Exercise instructions:
Return every line of the records, exact and in full, until you have returned the line with "Влажный корм для", and include none of the pictures.

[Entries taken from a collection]

====================

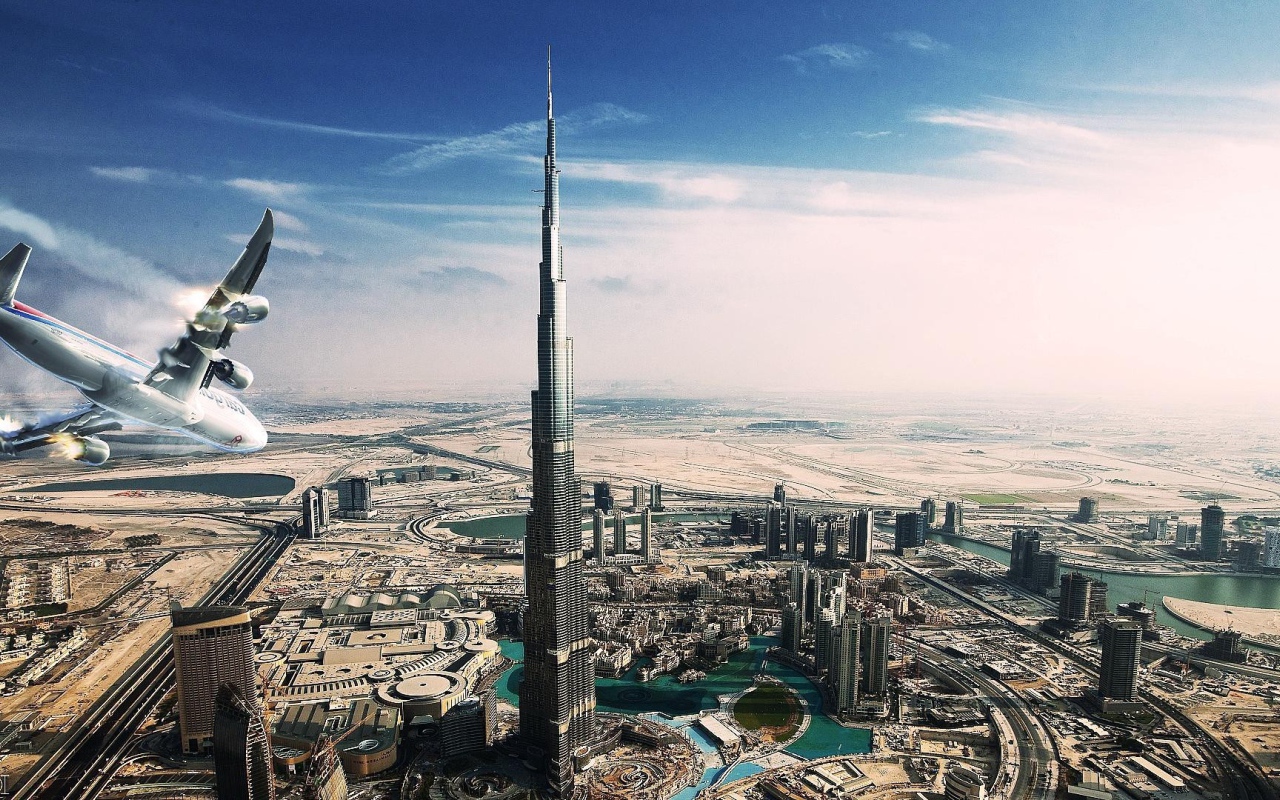 Самолет над Дубаи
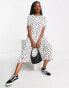 New Look tie sleeve smock dress in white polka dot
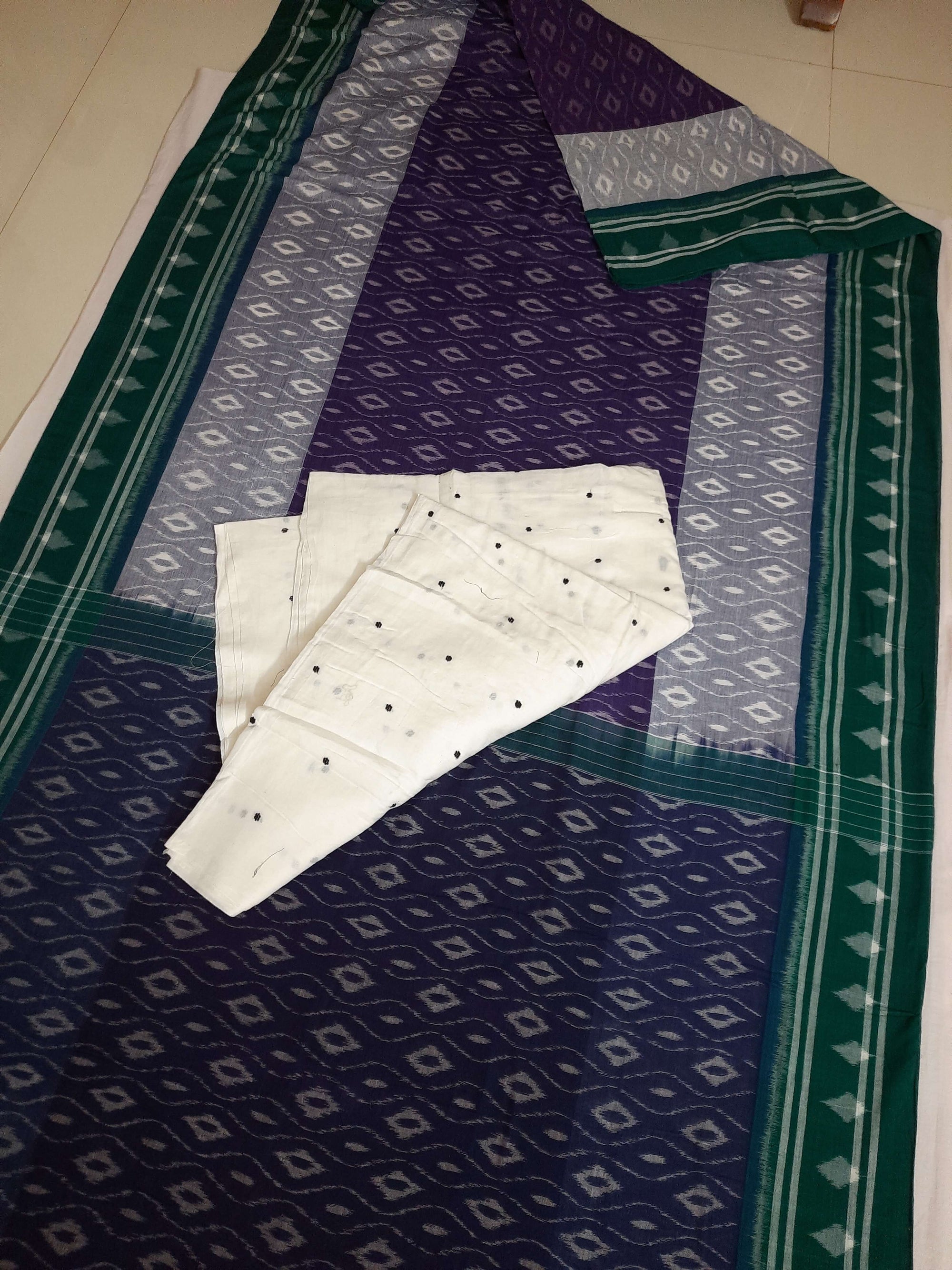 Purple and Green Cotton Ikat saree with cotton ikat blouse piece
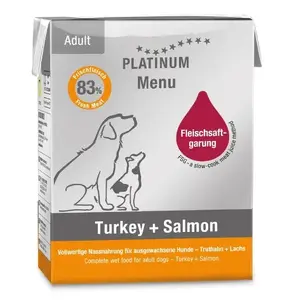 Влажный корм для собак Platinum Menu Adult Iberico + Turkey 185 г — полноценный корм для взрослых собак, 69% влажность, 14,5% белка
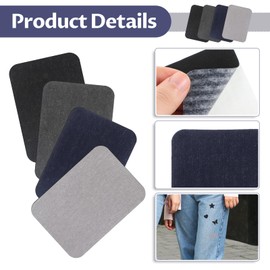 12PCS Iron on Patches, Iron Patches for Clothing Repair Patch Iron-On Mending Fabrics Premium Quality Fabric Patch for Clothes Jeans Shirts Pants(3" by -1/4", 4 Color)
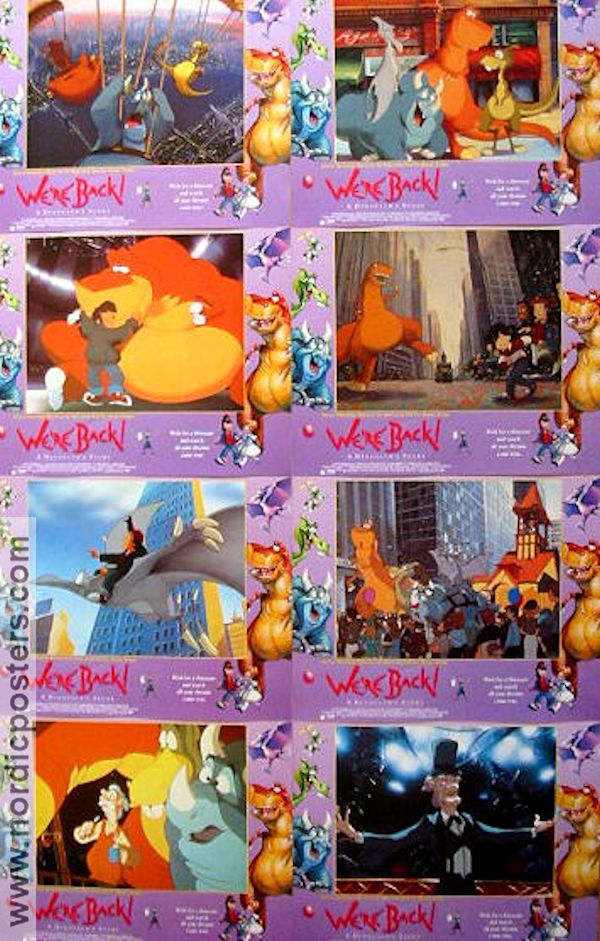 We´re Back! A Dinosaur´s Story 1993 lobby card set John Goodman Phil Nibbelink Animation Dinosaurs and dragons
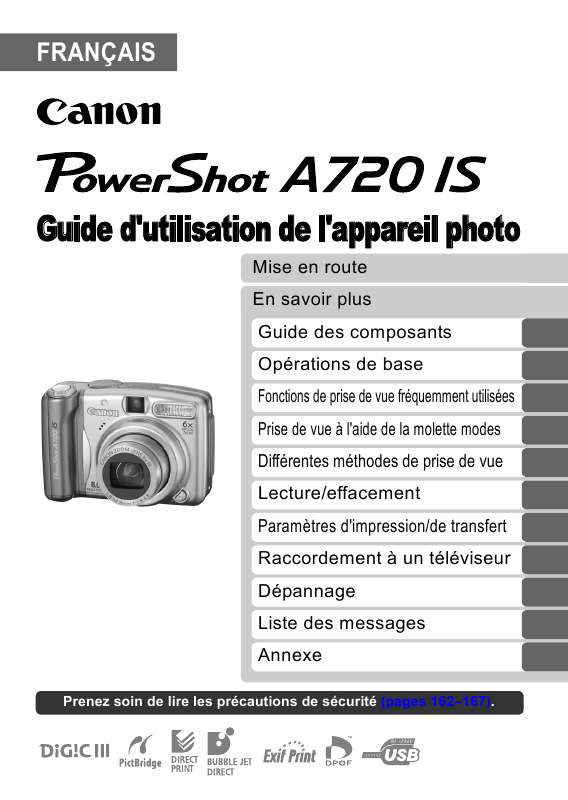 Guide utilisation CANON POWERSHOT A720 IS  de la marque CANON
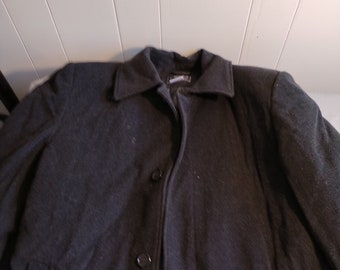 Manteau Japa/Cuir Noir Véritable/Col Fourrure Amovible/T:42 (Neuf (Voir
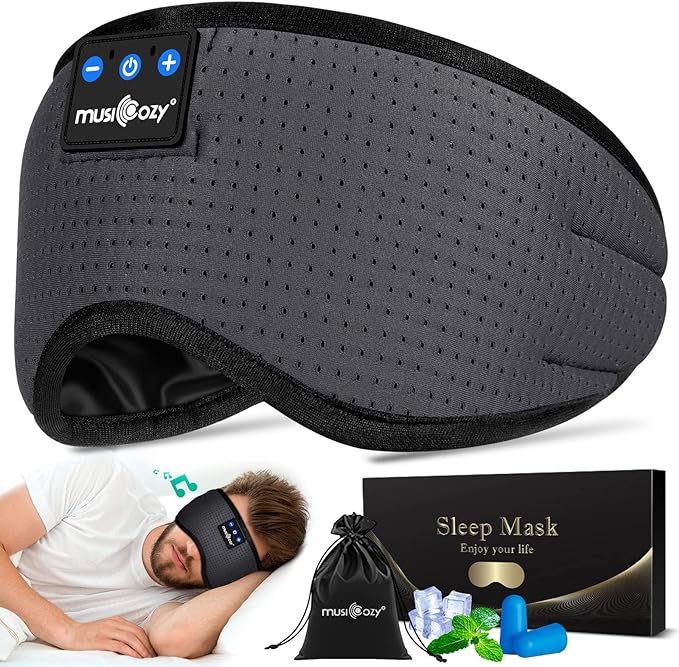 MUSICOZY Sleep Headphones Bluetooth 5.4 Breathable Sleeping Headphones Sleep Mask, Wireless Eye Mask Sleep Earbuds for Side Sleepers Men Women Office Travel Cool Tech Gadgets Gift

====================

Task result:
 Самолет над Дубаи
 New Look tie sleeve smock dress in white polka dot
 Purple and Green Cotton Ikat saree with cotton ikat blouse piece
 Влажный корм для собак Platinum Menu Adult Iberico + Turkey 185 г — полноценный корм для взрослых собак, 69% влажность, 14,5% белка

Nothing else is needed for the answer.